#### TASK REQUIREMENTS
Within the records that follow, restate exactly the lines from the line with "2023 Porsche Macan" down to the line with "Taras80m2 דירה *", including both. Omit the pictures.

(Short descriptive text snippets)
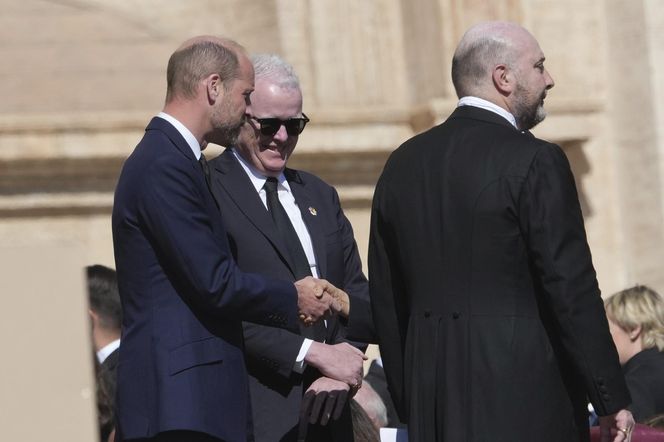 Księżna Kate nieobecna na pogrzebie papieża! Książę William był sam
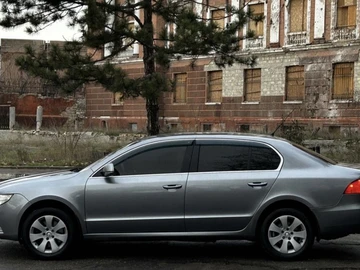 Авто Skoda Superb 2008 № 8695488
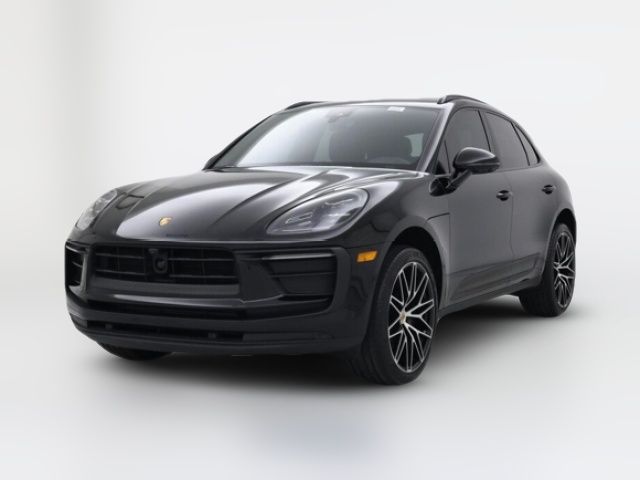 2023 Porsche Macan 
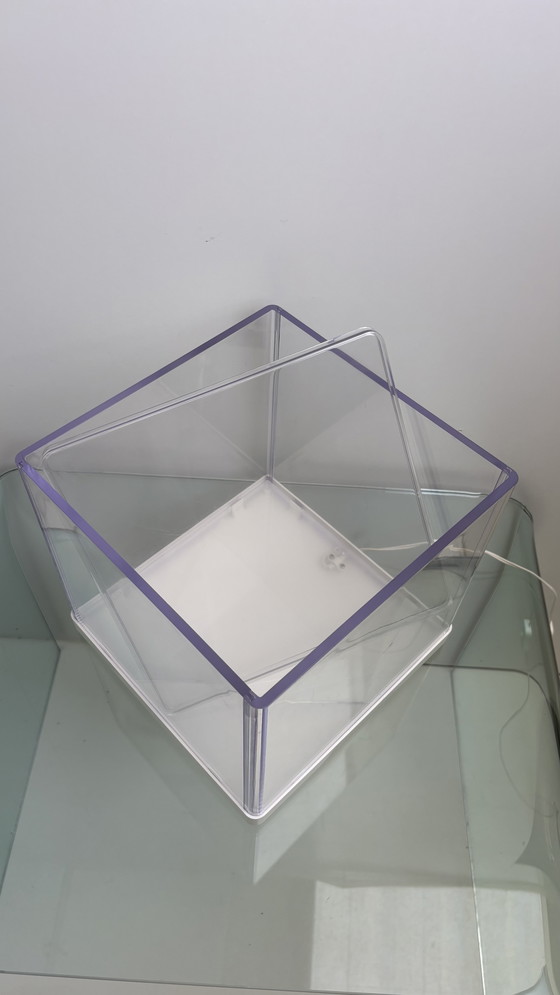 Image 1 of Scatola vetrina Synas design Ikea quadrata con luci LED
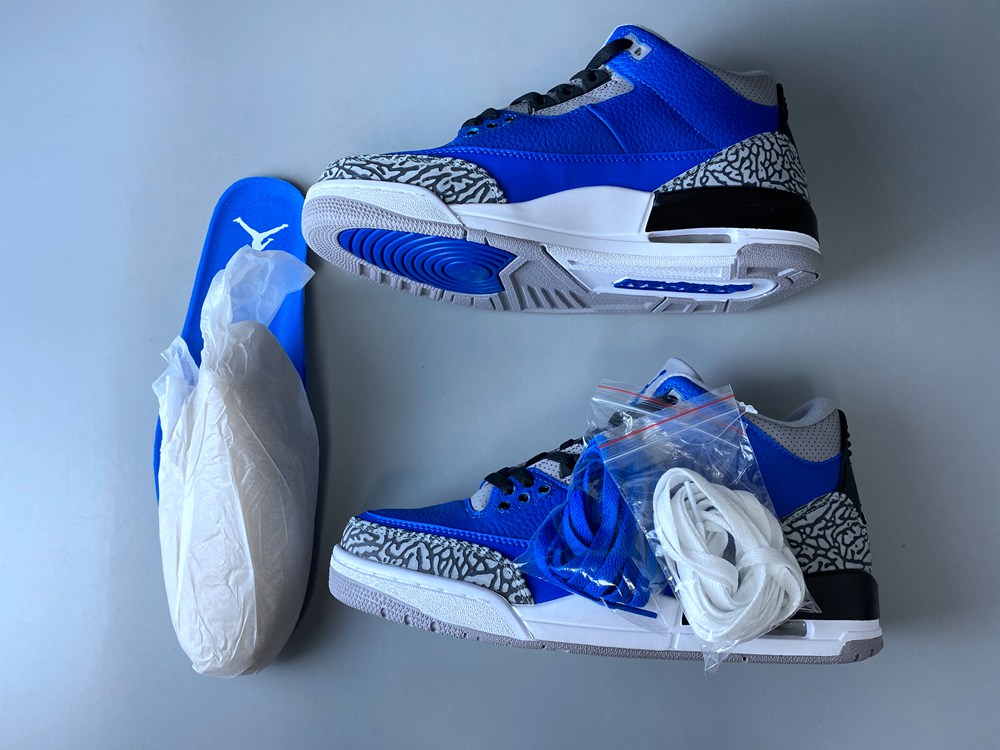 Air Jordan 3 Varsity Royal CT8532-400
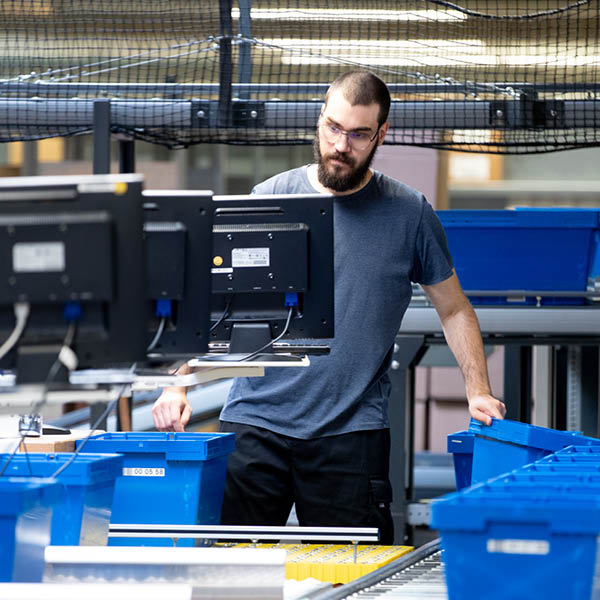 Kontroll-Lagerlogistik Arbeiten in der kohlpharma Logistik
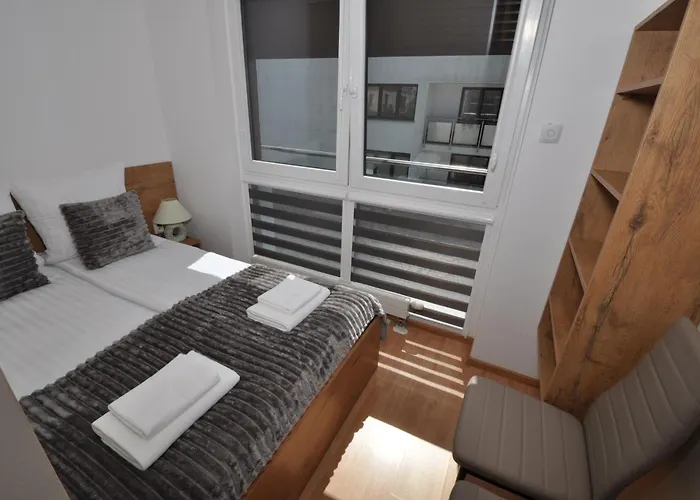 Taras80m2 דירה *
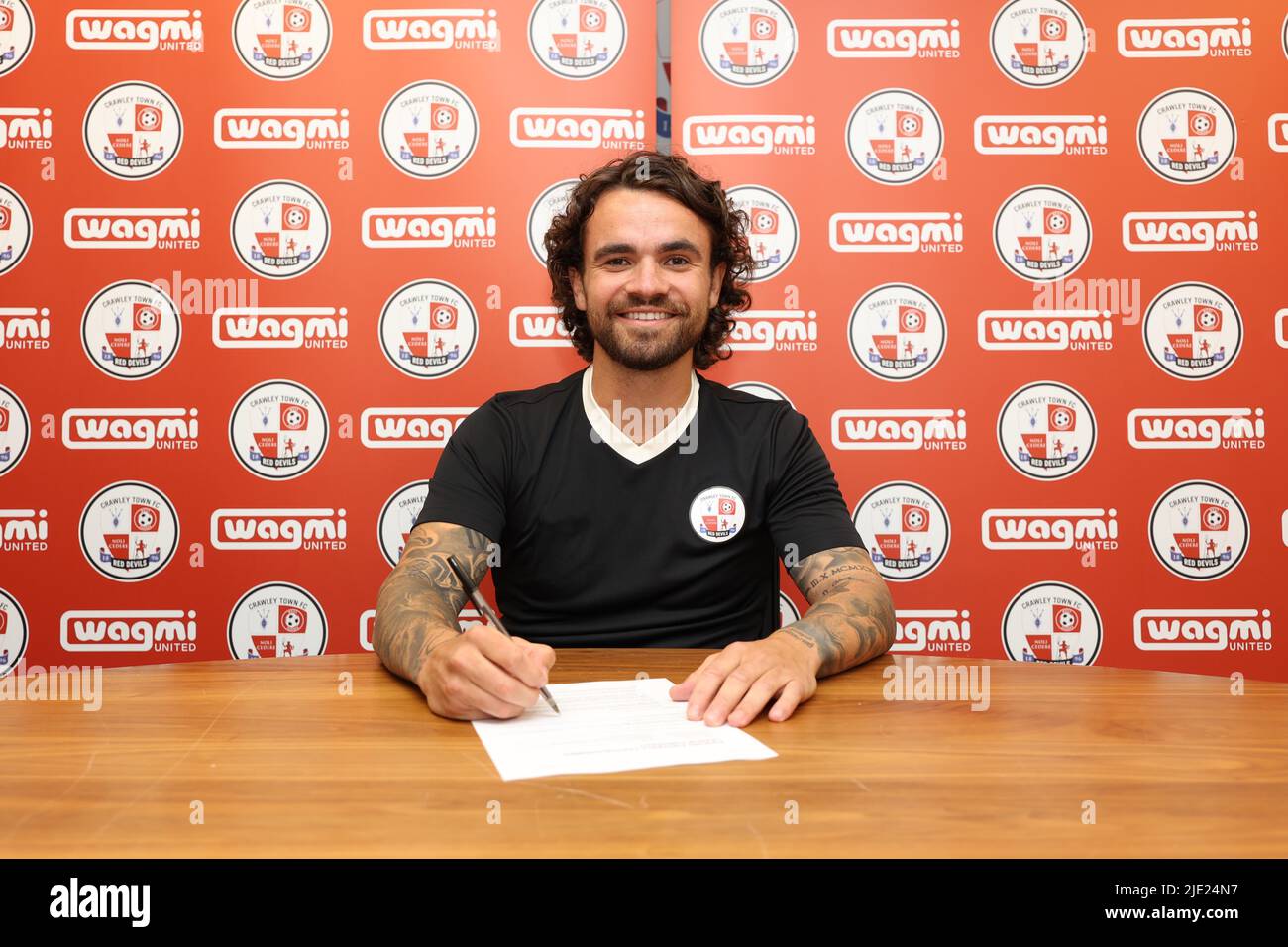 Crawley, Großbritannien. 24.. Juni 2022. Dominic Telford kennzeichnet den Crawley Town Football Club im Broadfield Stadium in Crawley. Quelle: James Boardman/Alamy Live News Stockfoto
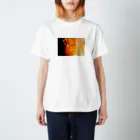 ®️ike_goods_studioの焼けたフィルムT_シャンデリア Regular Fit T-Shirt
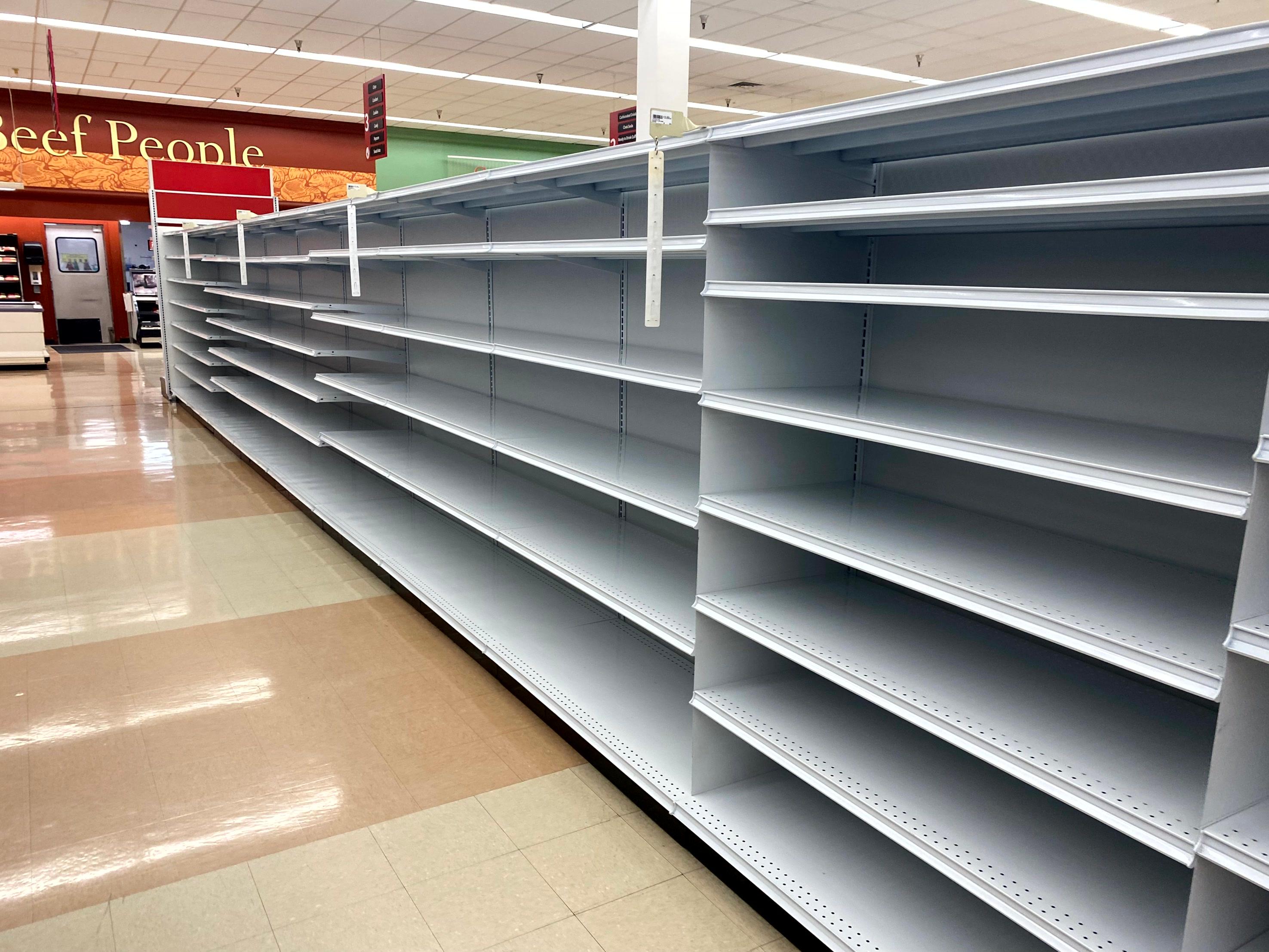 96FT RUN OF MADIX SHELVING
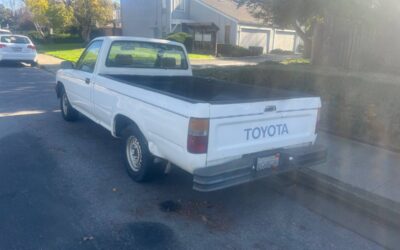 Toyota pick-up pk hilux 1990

#### REPLY
 2023 Porsche Macan 
 Image 1 of Scatola vetrina Synas design Ikea quadrata con luci LED
 Air Jordan 3 Varsity Royal CT8532-400
 Kontroll-Lagerlogistik Arbeiten in der kohlpharma Logistik
 Taras80m2 דירה *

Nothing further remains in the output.